BW: Have you gotten any Decayance superfans hating on what you're doing?

DN: A lot of people just don't get it and hate on it the concept before they hear it. Which is fine. There was this one post online where half of people were like 'oh it's a cool concept. It'll be fun.' And half were like 'he's using his position to take advantage of the situation or whatever.' Which totally is not what it is. Then someone posted the link to the MySpace song, and then they're like 'oh it's actually pretty cool. This guy isn't just some hack.' Plus, a lot of people, when they hear Crush Management General Manager, they picture a much older person. And really I'm just the same age as the bands. And I'm still a fan of all the bands -- I'm in the crowd with everyone else jumping around.

BW: Do you consider this an homage?

DN: Yeah. It's me tipping my hat to their songwriting.

BW: Do you think there will ever be a situation like "Fall Out Boy Covers Doug"?

DN: Fall Out Boy covers Doug's version of their songs? That would be pretty amazing.

BW: That'd be so meta!

DN: But that actually sorta happened! Gabe Saporta performed "Bring It (Snakes On A Plane)," and instead of doing the rap version that Travis does, he sang my swingy jazz version.

BW: So if you win a Grammy or something do you have to share it?

DN: I would melt it and break it up into little chunks and send it to all the bands.

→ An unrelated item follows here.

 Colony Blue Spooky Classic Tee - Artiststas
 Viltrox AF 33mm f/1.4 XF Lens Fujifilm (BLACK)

BW: Do you have any videos in the works?

DN: We might be doing a video with Alan Ferguson who does a lot of the Fall Out Boy videos. It'd be "Dance Dance." We're trying to work it out. We'll see.

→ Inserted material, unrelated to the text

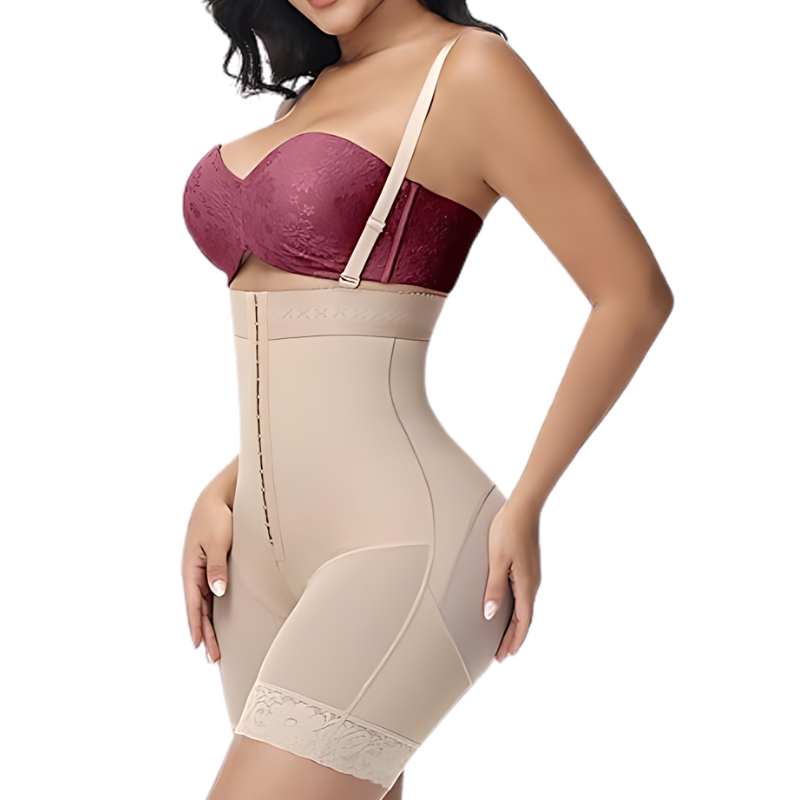 Modelador de corpo Hourglass com renda®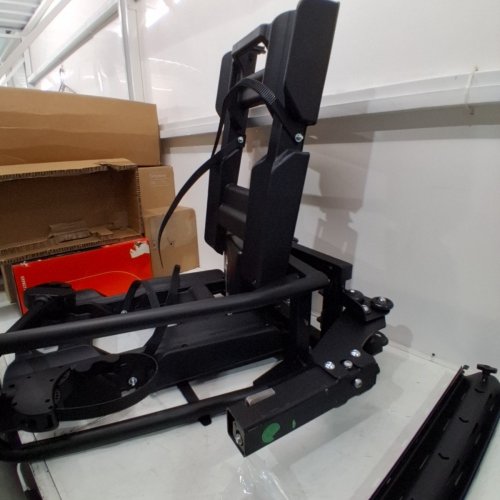 AGREATBY 2 EBIKE RACK HITCH WITH RAMP- FITS 5" FAT TIRES AND 2" RECEIVERS - BLACK (MODEL:BK-0075) image 7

BW: Do you have any duets planned?

DN: Patrick Stump and I have been talking about it for a couple years now. He LOVES Nat King Cole, Dean Martin, Frank Sinatra. He's a big fan of that genre too. We'll talk about it for hours on end. There's one song in particular we're thinking about doing. I'm gonna keep it a secret for now, but it's one that Frank and Dean did.

BW: Okay, Doug, let's talk about your future. Where do you wanna go with this eventually? You wanna blow this so-called popsicle stand if you get huge? Or will you keep it real and keep managing?

DN: Ultimately, Crush is like a family. With this genre I could perform but also still have my career here. Unless I turn into the next Michael Bublé. The ultimate goal is to do some more concept albums and old standards and play shows here and there, maybe get some Vegas things going. I love playing music and I love my job and our bands. So it's kinda like leave your family to be famous? You just wouldn't do that.

Catch Doug on the night shift -- he's opening for Fall Out Boy on select dates of their "Young Wild Things" tour through Dec. 2.